Known colloquially as the Scottie, the Scottish Terrier is a distinctive looking pup with a strong, independent personality. They are known to be clever, but anecdotally, some people say they can be grouchy around other creatures such as dogs and cats. If you have rodents or other small pets around, the Scottie won't hesitate to go after them due to their breeding history of being used for hunting small animals (so just watch out for your pet hamster). These dogs like going on walks, but they are generally not overly demanding when it comes to activity.
The Scottish Terrier comes from, where else, Scotland. This dog originated in the Scottish Highlands, and people used them to help hunt foxes, rats, and badgers. It is the oldest known breed to come out of Britain.

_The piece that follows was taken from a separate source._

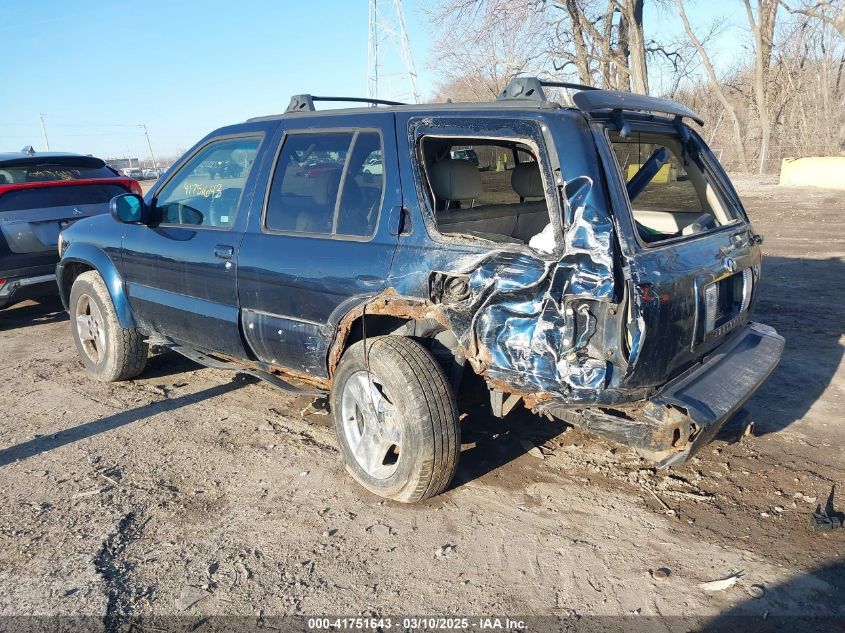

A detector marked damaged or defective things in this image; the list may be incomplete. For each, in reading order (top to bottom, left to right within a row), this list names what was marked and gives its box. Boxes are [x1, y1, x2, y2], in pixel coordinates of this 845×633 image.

broken rear window [608, 130, 740, 243]
damaged black suv [57, 78, 784, 504]
missing rear bumper [540, 324, 784, 466] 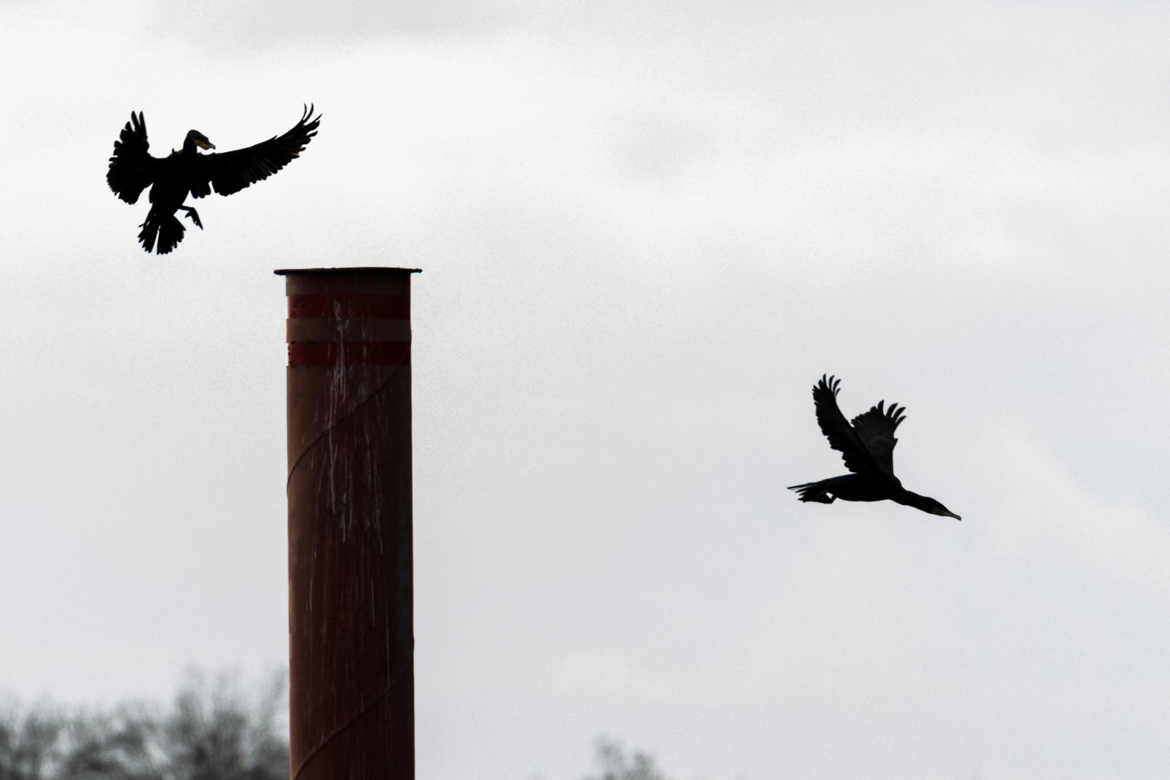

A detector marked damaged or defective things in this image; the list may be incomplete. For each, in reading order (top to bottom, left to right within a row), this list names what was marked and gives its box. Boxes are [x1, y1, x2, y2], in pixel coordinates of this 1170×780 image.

Scotties were first imported into the United States in the 1880s, joining the American Kennel Club (AKC) in 1885. President Franklin Roosevelt and actors Humphrey Bogart and Bette Davis all had Scotties.
If you're considering getting a Scottie, here is some essential information about the breed that would be helpful to know.
Scottish Terrier Characteristics
The Scottish Terrier is part of the Terrier Group of the AKC. A male adult will weigh between 19 and 22 pounds, while a female adult will weigh between 18 and 21 pounds. The height at the withers for both the male and female is 10 inches. These dogs have medium-length double coats as well as short legs and ears that are naturally upright. The typical colors of a Scottie are black with or without white, as well as brindle or wheaten.
Scottish Terrier Temperament & Training
Breed is never a reliable indicator of personality. But generally, Scotties are energetic and, when they become adults, they can become a bit moody. They may be aggressive towards other pets and small children, who may not know how to treat dogs. If older children can learn to treat the Scottie right, then they should get along well. Scotties are not too needy when it comes to attention, but they could be stubborn when you're trying to train them.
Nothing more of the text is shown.